__Try it__. In your reply, print every line of the listing exactly and omit all images.

__Collected material__.
- - - - - - -

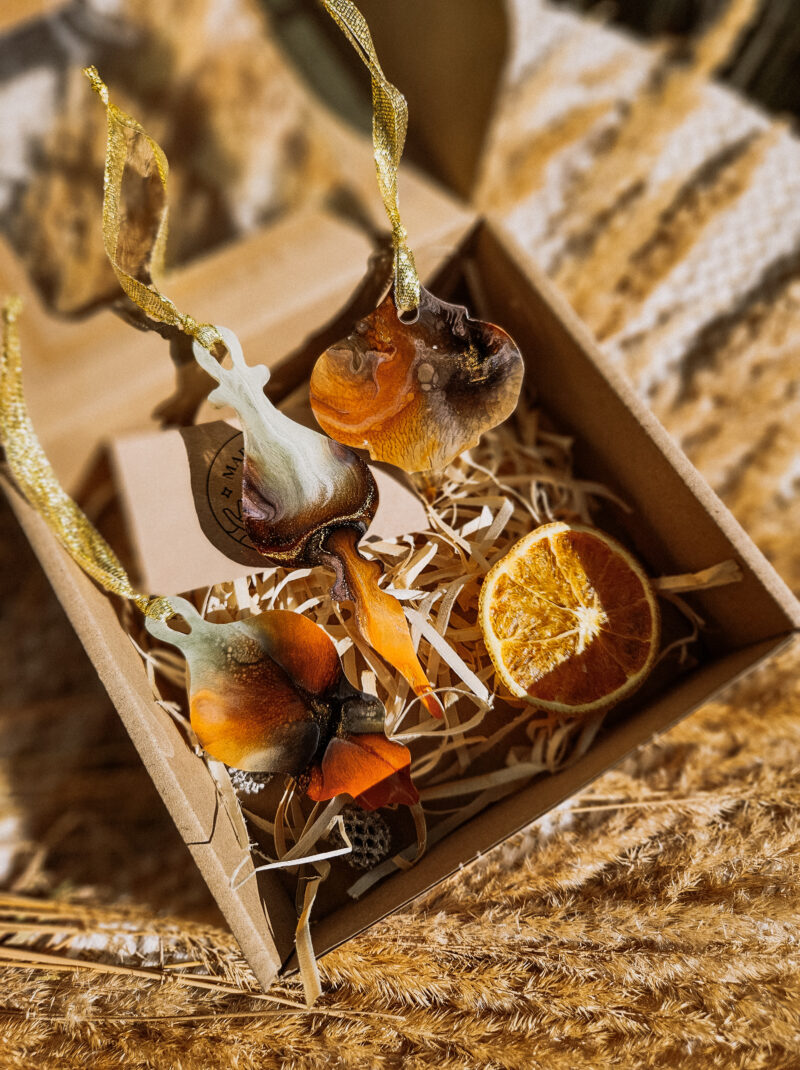 Zestaw 3 zawieszek Pomarańcz-Oliwka-Złoto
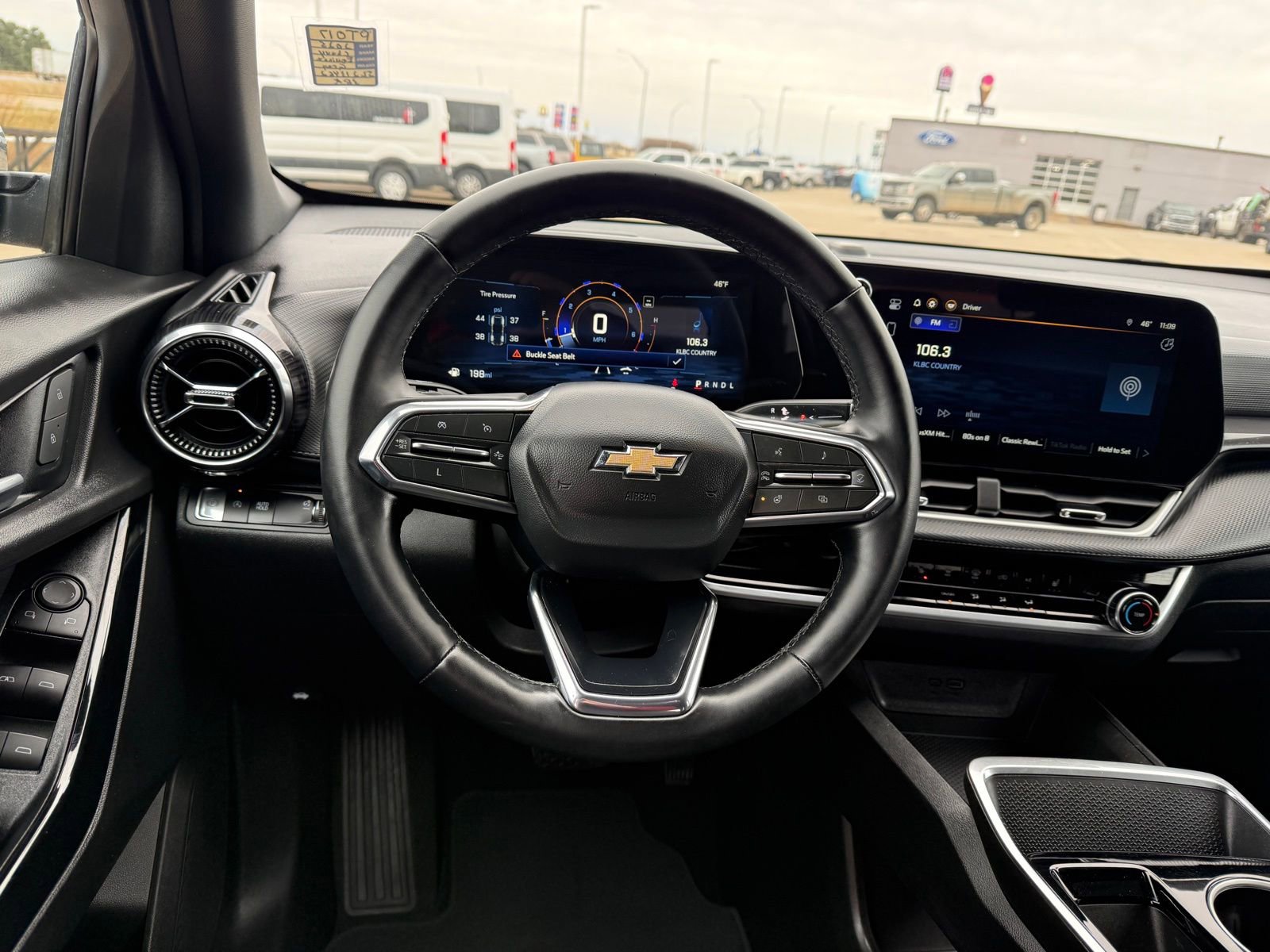 Used 2025 Chevrolet Equinox LT FWD image 12
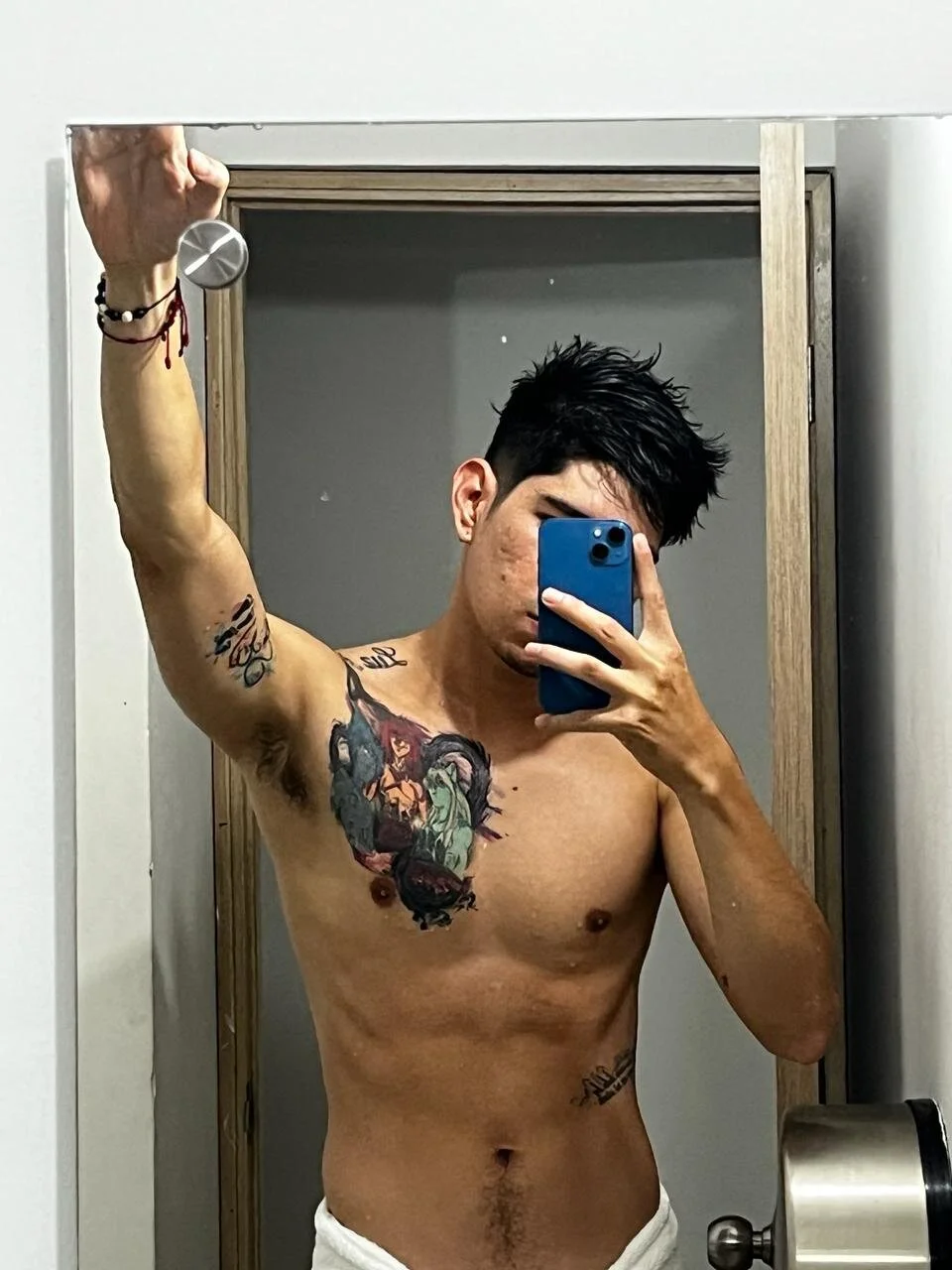 XXX Porn Photo of Nude danielv_95 5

- - - - - - -

__Result of the exercise__.
 Zestaw 3 zawieszek Pomarańcz-Oliwka-Złoto
 Used 2025 Chevrolet Equinox LT FWD image 12
 XXX Porn Photo of Nude danielv_95 5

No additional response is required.